The commercial and industrial story matters here. The Union and FRV were covered by an enterprise agreement that, on the extract, appeared to endorse the establishment of a firefighters registration board. But the agreement did not spell out exactly what that board would look like or how it would operate. That left room for negotiation and later disagreement.
From early 2021, the Union and FRV negotiated about the board's structure. In December 2021, the Union incorporated Victorian Professional Career Firefighters Registration Board Limited to serve as the proposed board. The parties still could not agree on the final arrangements, especially the terms of a proposed services agreement under which FRV would engage the company to provide firefighter registration and related services.
When negotiations stalled, the Union used the enterprise agreement dispute pathway and took the matter to the Fair Work Commission. It asked the Commission to arbitrate specific questions about the proposed service contract and sought an order that FRV enter into the contract with the company and the Union. In practical terms, the Union was trying to turn a negotiated but unresolved governance and contracting dispute into an arbitral outcome.
That is when the Minister stepped in. First, on 17 August 2022, the Minister wrote to FRV saying ministerial consent was required under s 25A of the Fire Rescue Victoria Act for FRV to enter the proposed services agreement and that consent was being withheld. The letter gave a series of policy and governance reasons. These included concerns about transparency, oversight, public sector accountability, public interest risks, possible fettering of FRV's employment powers, overlap with a statutory board, and financial accountability for public funds.

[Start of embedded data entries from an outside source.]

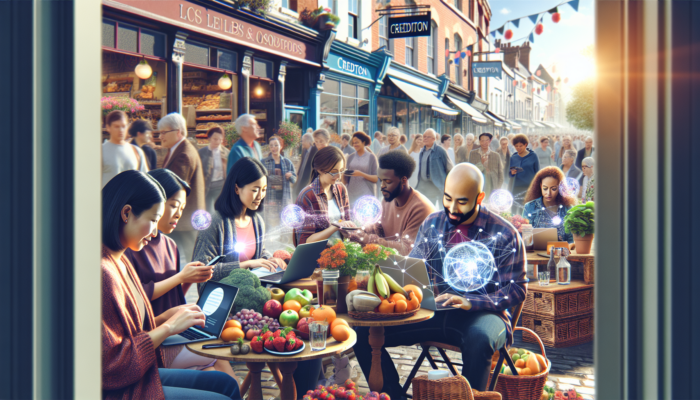 Blog Writing in Crediton for Small Business: Vibrant Crediton street scene: cozy café displaying fresh local ingredients, patrons on laptops reading community event blogs, symbolising enhanced business visibility.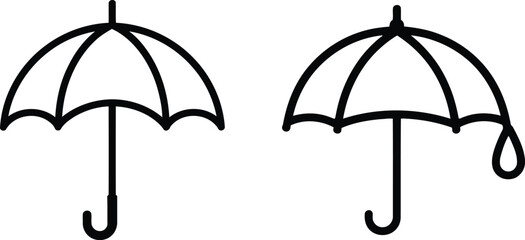 Two simple black umbrellas, one dry and one dripping, against a white background.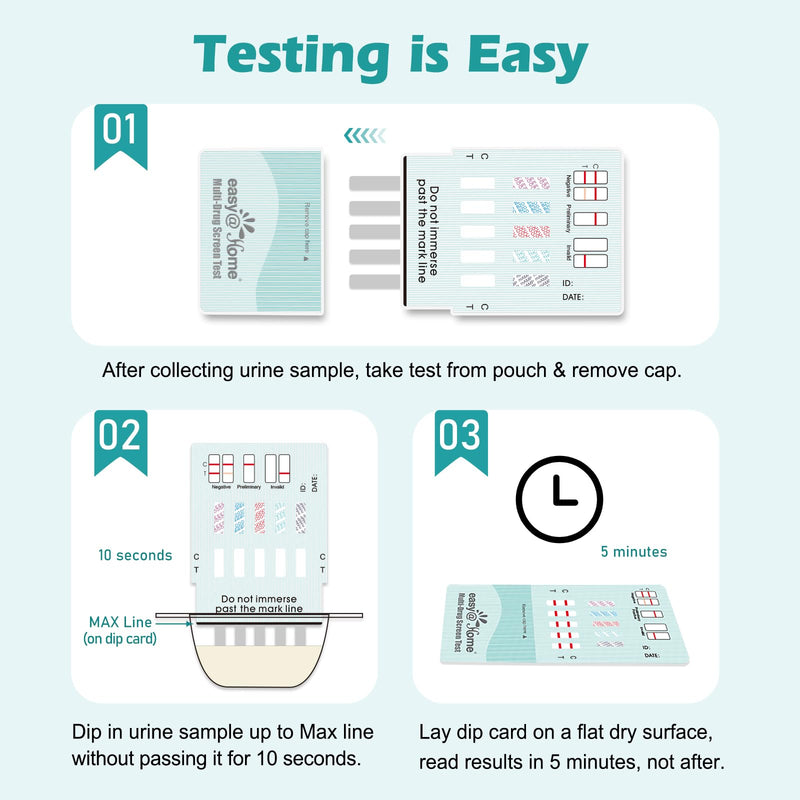 Easy@Home Multi-Drug Screen Test: 5 Pack Urine Drug Tests Kit, Testing BZO/COC/THC/MET/MOR/OXY/BAR/BUP/MTD/TCA, Instant Drugs Test Including Marijuana Test, #EDOAP-7104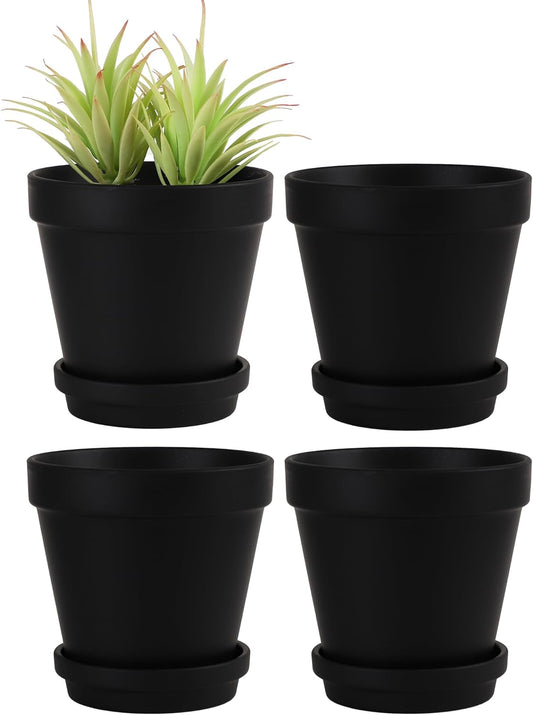Yishang Large Terra Cotta Pots with Saucer-4 Pack Large 6'' Terra Cotta Plant Pot with Drainage Hole, Flower Pot with Tray, Terracotta Pot for Indoor Outdoor Plant(Black)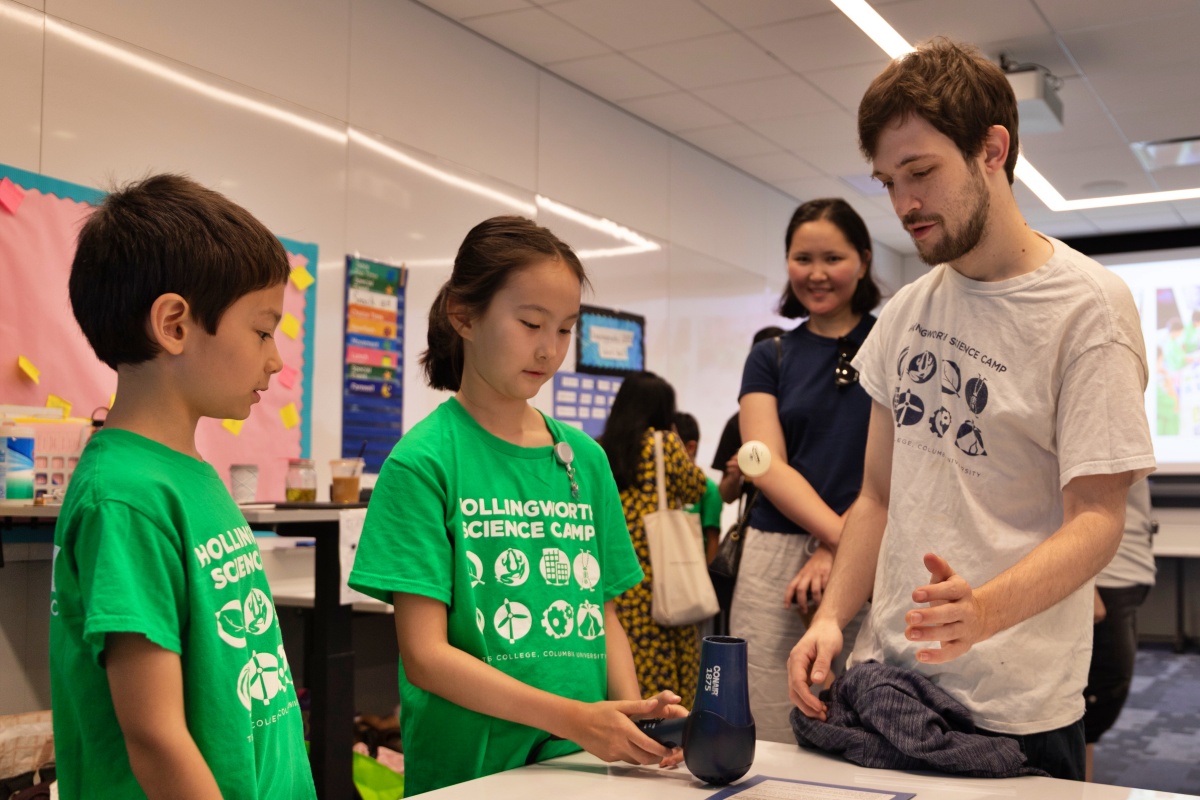 Students create their own wind-tunnel with a hair dryer and a ping pong ball.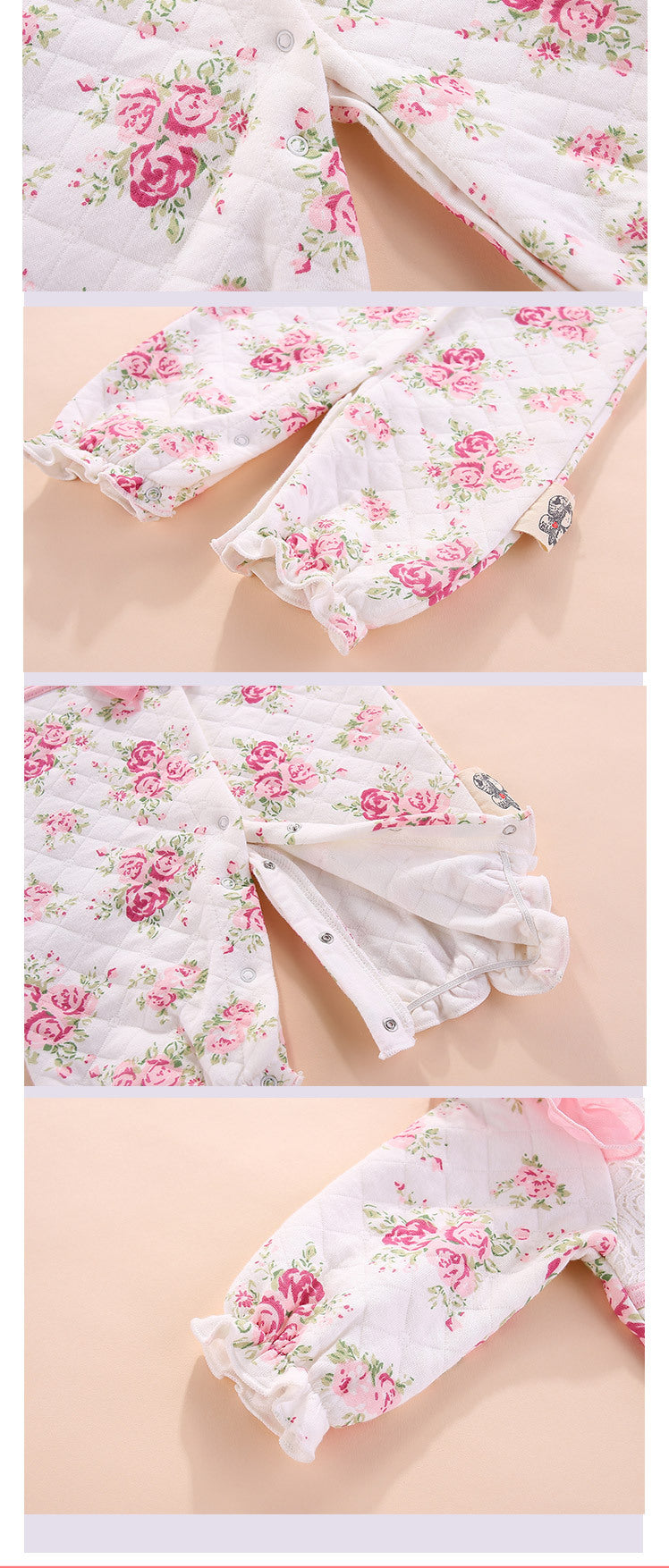 Infant Girls White Printed Cotton Rompers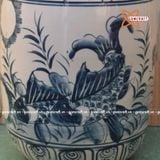  Quà tặng cao cấp Hũ gạo tài lộc nền men lam vẽ Cá Chép Hoa Sen dung tích 20 lít 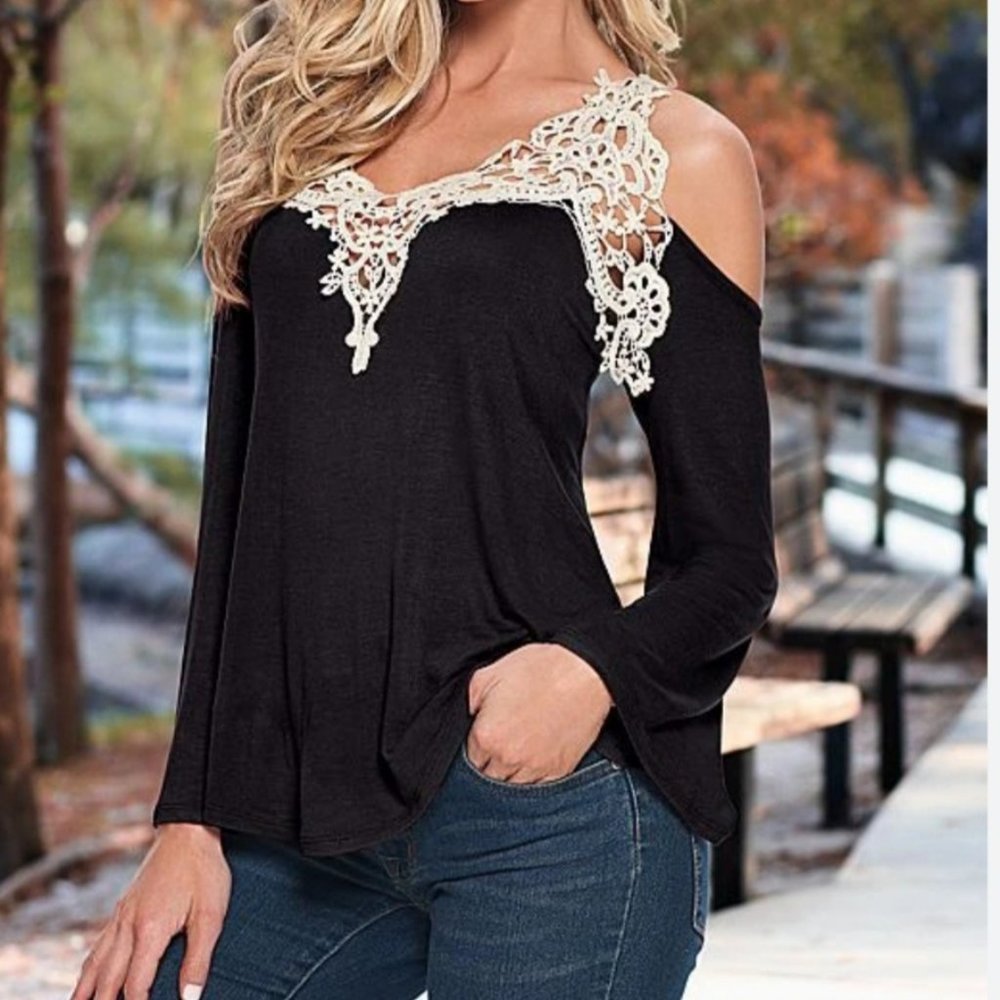 VENUS Cold Shoulder  V neck Crochet  Bell Sleeve Top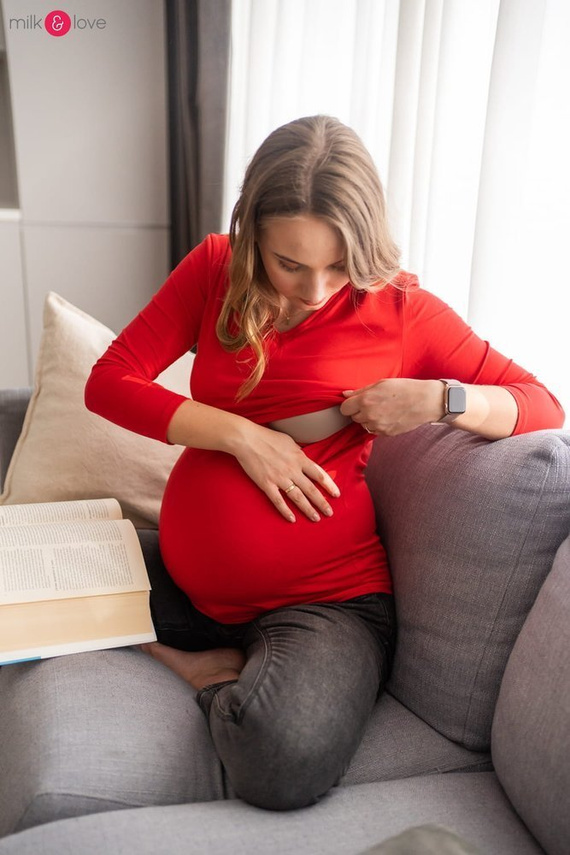Bluzka do karmienia i ciążowa z dekoltem w serek Milk Shirt czerwona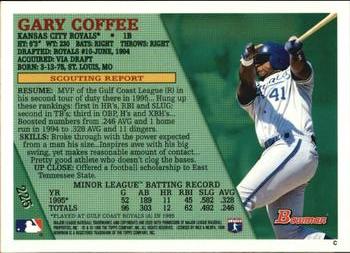 1996 Bowman #225 Gary Coffee Back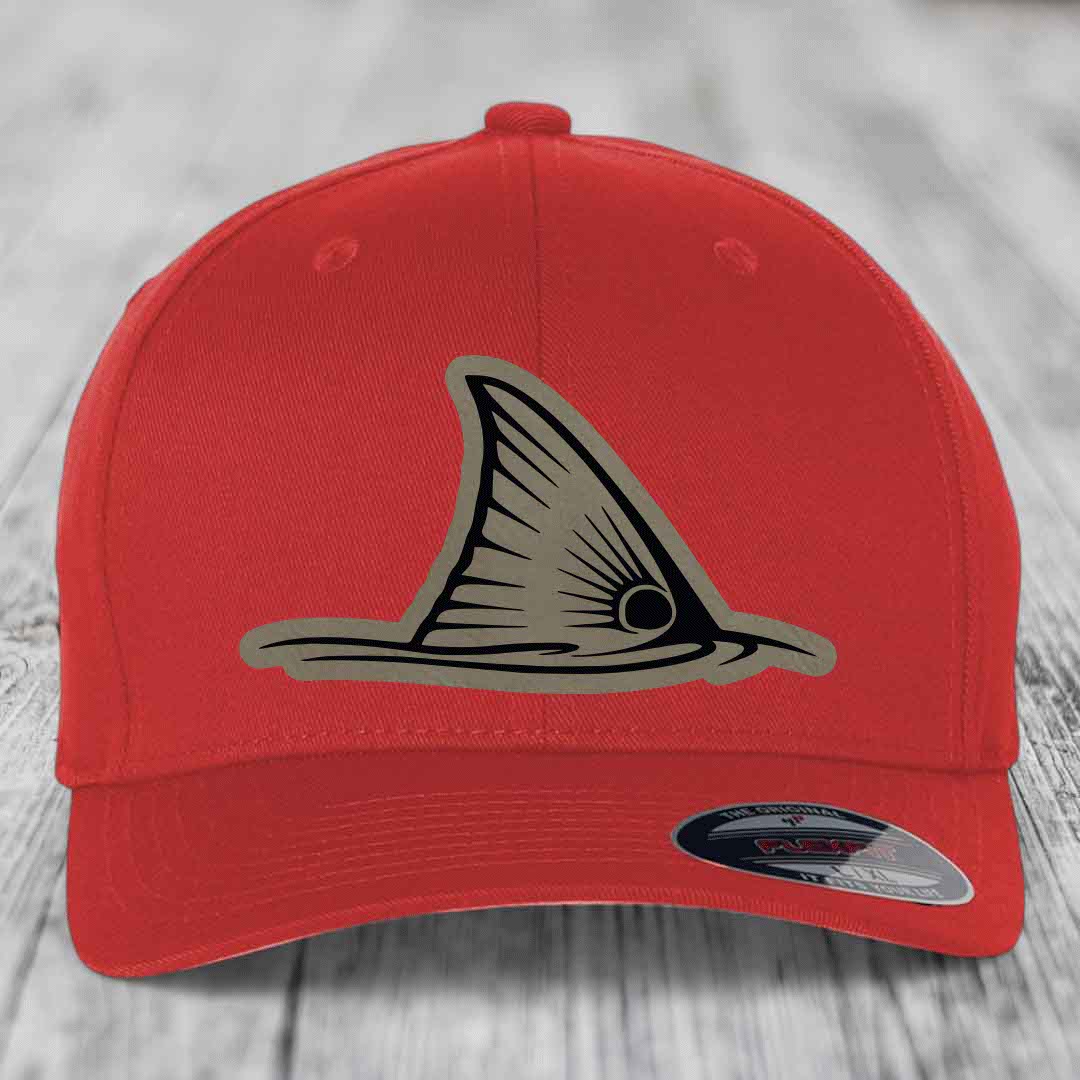 Redfish Tail - Leather Patch Hat - Light Brown to Black Patch - Flexfit 6277 Fitted Hat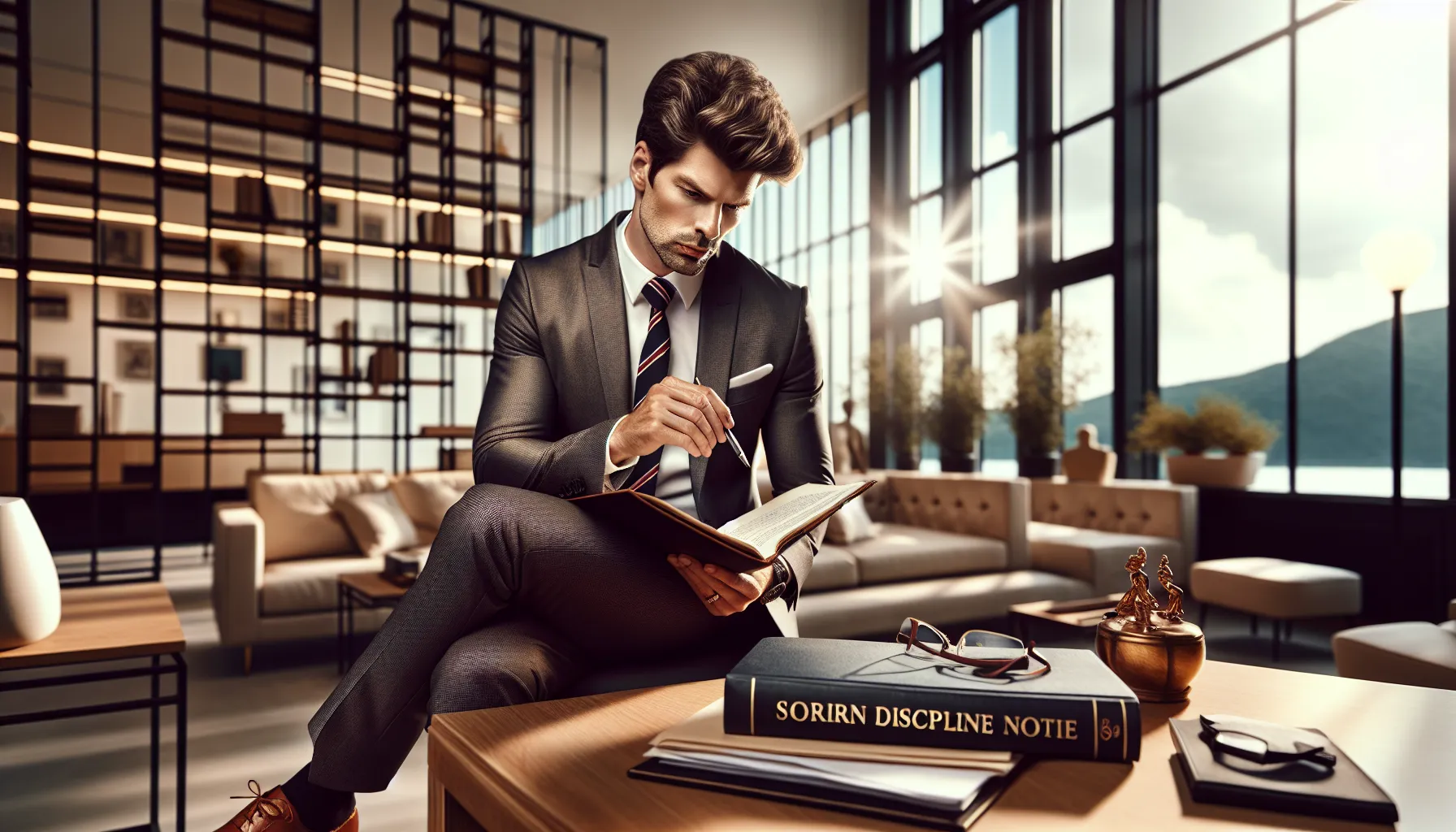 HR professional reviewing disciplinary warning documents at office desk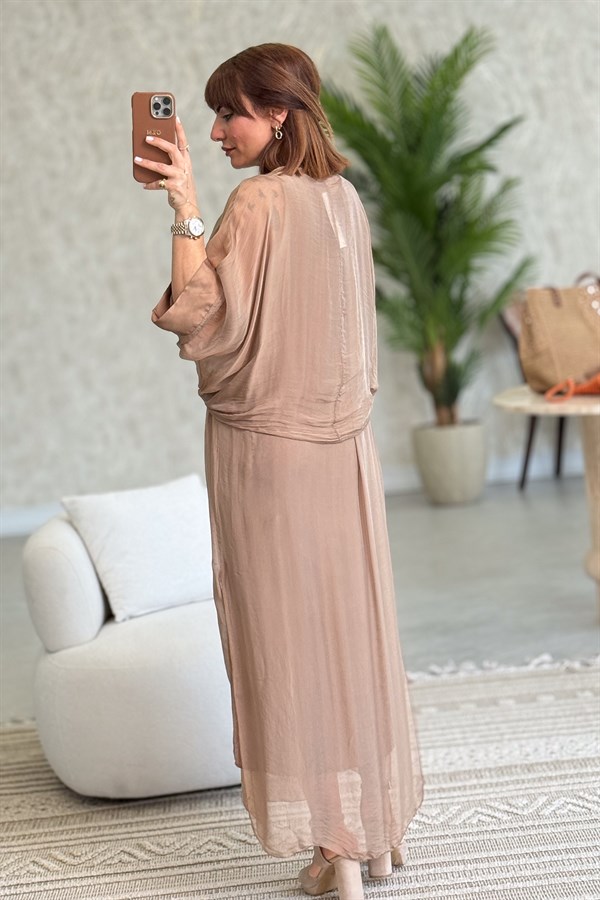 Bolera Ve Elbiseli İpek Takım Camel Renk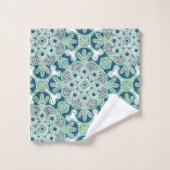 Ensemble de serviettes de bain, médaillons verts s (Gant de toilette)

The Minister then intervened in the Commission proceedings and argued that the Commission should not order FRV to enter the agreement. A few weeks later, on 19 September 2022, the Minister issued a formal direction under s 8 of the FRV Act directing FRV and the Acting Fire Rescue Commissioner not to enter the proposed agreement and to tell the Commission about the direction.
The Union's later Federal Court case was framed in a specific way. It did not allege that the Minister intended to coerce the Union itself. Instead, it alleged that the Minister took action against FRV with intent to coerce FRV in relation to FRV's workplace right to participate in the Commission proceedings, or to participate only in a particular way. That framing is important because s 343(1) is concerned with coercive conduct affecting workplace rights.